This month’s newsletter is dedicated to my brother, Jason San Wong. Jason was a quiet, unassuming hero who always put others first and brought us all together. He was a hero to many and his quiet confidence, his gentle smile and sharp wit will be greatly missed by many.
For almost two decades, FountainBlue has been facilitating leadership and innovation for the FountainBlue community and beyond. Through this work, we’ve found that many companies are ostensibly saying that they are investing in innovation, but are actually doing so.
For example, delivering incremental improvements to make their products and solutions more efficient, more effective, more thorough, more connected, more versatile, more distributed, or less buggy. I believe that allocating funds for incremental innovation is a necessary part of doing business, but ideally, leaders and managers are also investing in innovation projects.

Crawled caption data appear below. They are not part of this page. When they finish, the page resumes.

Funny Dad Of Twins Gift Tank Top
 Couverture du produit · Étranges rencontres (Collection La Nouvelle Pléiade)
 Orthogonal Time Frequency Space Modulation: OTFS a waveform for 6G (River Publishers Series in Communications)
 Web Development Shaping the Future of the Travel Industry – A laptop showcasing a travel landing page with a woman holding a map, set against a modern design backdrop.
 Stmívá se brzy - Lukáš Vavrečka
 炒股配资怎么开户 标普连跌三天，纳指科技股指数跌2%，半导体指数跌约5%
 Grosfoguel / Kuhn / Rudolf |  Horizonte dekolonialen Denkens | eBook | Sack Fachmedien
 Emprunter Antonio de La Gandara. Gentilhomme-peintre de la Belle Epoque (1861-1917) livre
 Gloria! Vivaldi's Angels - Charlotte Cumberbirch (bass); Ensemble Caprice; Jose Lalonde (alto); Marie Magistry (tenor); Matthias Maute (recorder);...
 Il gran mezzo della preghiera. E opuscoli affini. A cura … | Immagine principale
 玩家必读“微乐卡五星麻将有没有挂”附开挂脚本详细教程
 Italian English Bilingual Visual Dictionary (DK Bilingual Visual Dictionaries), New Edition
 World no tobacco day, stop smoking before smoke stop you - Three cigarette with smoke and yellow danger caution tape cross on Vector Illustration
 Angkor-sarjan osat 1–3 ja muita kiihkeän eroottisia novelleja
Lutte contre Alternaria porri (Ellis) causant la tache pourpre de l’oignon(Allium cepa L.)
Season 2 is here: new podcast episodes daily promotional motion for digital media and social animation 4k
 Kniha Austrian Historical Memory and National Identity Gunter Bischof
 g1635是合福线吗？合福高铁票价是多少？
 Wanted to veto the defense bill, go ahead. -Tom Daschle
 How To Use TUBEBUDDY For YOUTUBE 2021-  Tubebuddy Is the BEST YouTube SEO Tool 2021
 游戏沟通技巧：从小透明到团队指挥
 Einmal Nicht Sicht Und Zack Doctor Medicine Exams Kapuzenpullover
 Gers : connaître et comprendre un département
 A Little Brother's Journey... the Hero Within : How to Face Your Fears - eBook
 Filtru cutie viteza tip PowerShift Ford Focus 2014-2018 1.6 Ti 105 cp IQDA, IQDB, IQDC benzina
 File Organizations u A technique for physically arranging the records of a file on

Many companies are expanding their products, services, technologies and applications to across markets, industries, platforms, users, geographies, use cases, etc. Allocating funds for these orthogonal extensions is a strategic part of expanding the business, but innovation is arguably just as critical.
The hypothesis for my upcoming white paper on innovation is that there are two different types of innovation: intentional and transformational and unintentional yet transformational.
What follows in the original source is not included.